不料那張道人一見他的面,便已識破他的身分,驚呼貴人到了,連忙對他以禮相迎,弄得劉斯酈疑神疑鬼的。那道人也不問他生辰八字,只是摸骨相面,之後便肯定地告訴他,他這一生大富大貴,遠的且不提,近日便有一樁大喜事:他將榮升箕郡刺史。
劉別駕聽了,本已對這道人存了幾分信服的念頭登時又淡了,只當他是一個招搖撞騙的神棍,連卦資也不付,便大笑而去。
原來,別駕雖是刺史佐官,距刺史只一步之遙,但是從別駕而刺史,從佐官變主官,在官場上是一道極難爬的坎兒。
他這個別駕已經做了很多年了,熬資歷倒是夠長的,可是距當刺史卻還差着一截,更何況本州刺史林希畏不但任期未滿,而且還有極強硬的後臺,他是未央侯田承乾的門下,這箕郡一連幾任刺史,都是未央侯的人,他劉斯酈這顆臭雞蛋拿什麼去跟人家這麼硬的石頭碰?
沒有人知道劉別駕今日來算了些什麼,也不知道張神仙給他算出了什麼。
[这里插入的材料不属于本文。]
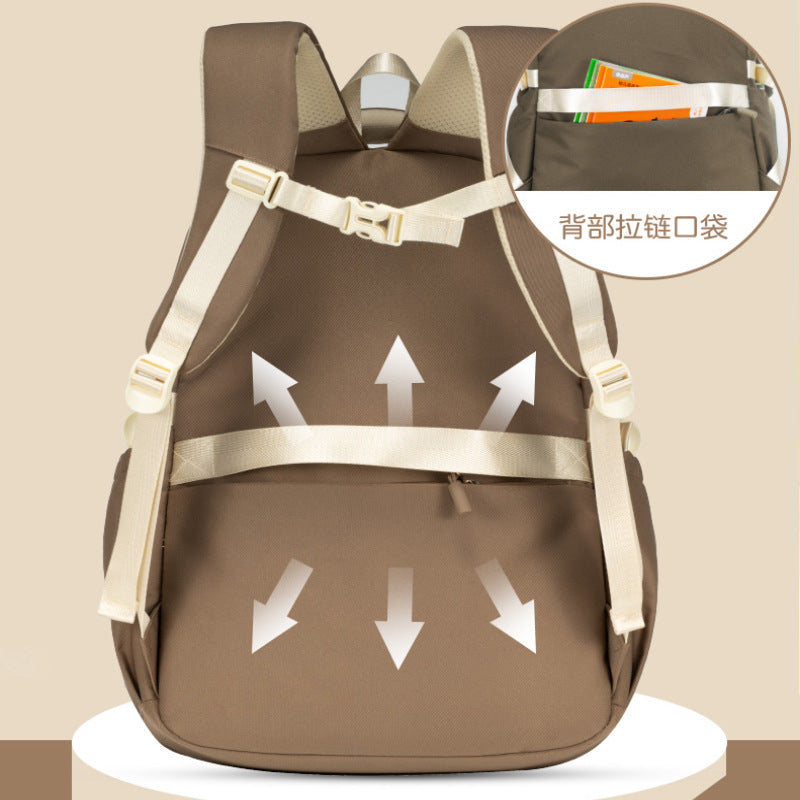 Large Capacity Schoolbag for Kids | Dirt-Resistant & Light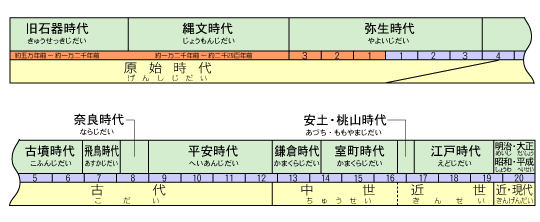 画像：じだいくぶんのず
劉別駕不會蠢到讓刺史大人知道自己覬覦他的職位;張神仙也不會蠢到讓刺史大人知道自己預言他將捲鋪蓋滾蛋。
候在張道人住處之外等着算命的人,只看到劉別駕大笑而出,滿臉不屑,房門大開處,張道人卻端坐案後,捻鬚微笑,不慍不惱。引得衆人十分好奇,一連猜測了幾日,纔不再有人議論。
……
臨安城裡,遙兒已走馬上任,成爲天官郎中。
遙兒自到天官府上任以後,尚書大人果然安排他處理南疆選官事宜。南疆許多官員現在都是待參之身,需要及時補充官員替換,那裡路途遙遠,就算這邊馬上安排妥當,新任官員全部走馬上任差不多也得到明年開春。是以任務十分緊急。
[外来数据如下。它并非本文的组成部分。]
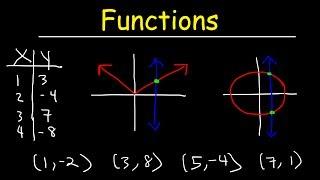 Functions - Vertical Line Test, Ordered Pairs, Tables, Domain and Range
遙兒正埋頭整理卷宗,拿起一份看了看,忽然便是一怔,這份公文竟然不是南疆候選官員的履歷卷宗。而是箕郡刺史林希畏突患重疾不能理事,請求辭官回鄉歇養的報告。
遙兒心中生疑:“這份公函,送錯了吧?”
遙兒自上任以後,塞條子的、送拜貼的、遞手札的絡繹不絕。
有往他家裡送的,也有往衙門裡送的。往家裡送的大多都是平級或者下屬,求他幫忙的,自然免不了要有一份厚禮相隨,好在這樣的人胃口都不大,要求的官職也不高,遙兒來者不拒,一一笑納。
往衙門裡遞手札的自然都是位高權重之輩,自覺能鎮得住遙兒,讓他給自己辦事就是給他面子的人,諸如姜德胥、田三思之流。這些人的手札遞過來,遙兒自然更沒有拒絕的道理。
天官郎中的屬官胥吏們已經篩選了大量官員和候選散官的履歷資料,遙兒按圖索驥,按照禮單手札列了一份名單,叫胥吏把名單上的這些官員的履歷率先抽出來,光是這些人的資歷就把他的公案堆得滿滿當當。
這幾天遙兒處理的全是候選官員的履歷,根本不曾涉及其他,如今裡邊貿然出現一份這樣的公函,自然令他滿腹疑惑。遙兒開口喚道:“李令史!”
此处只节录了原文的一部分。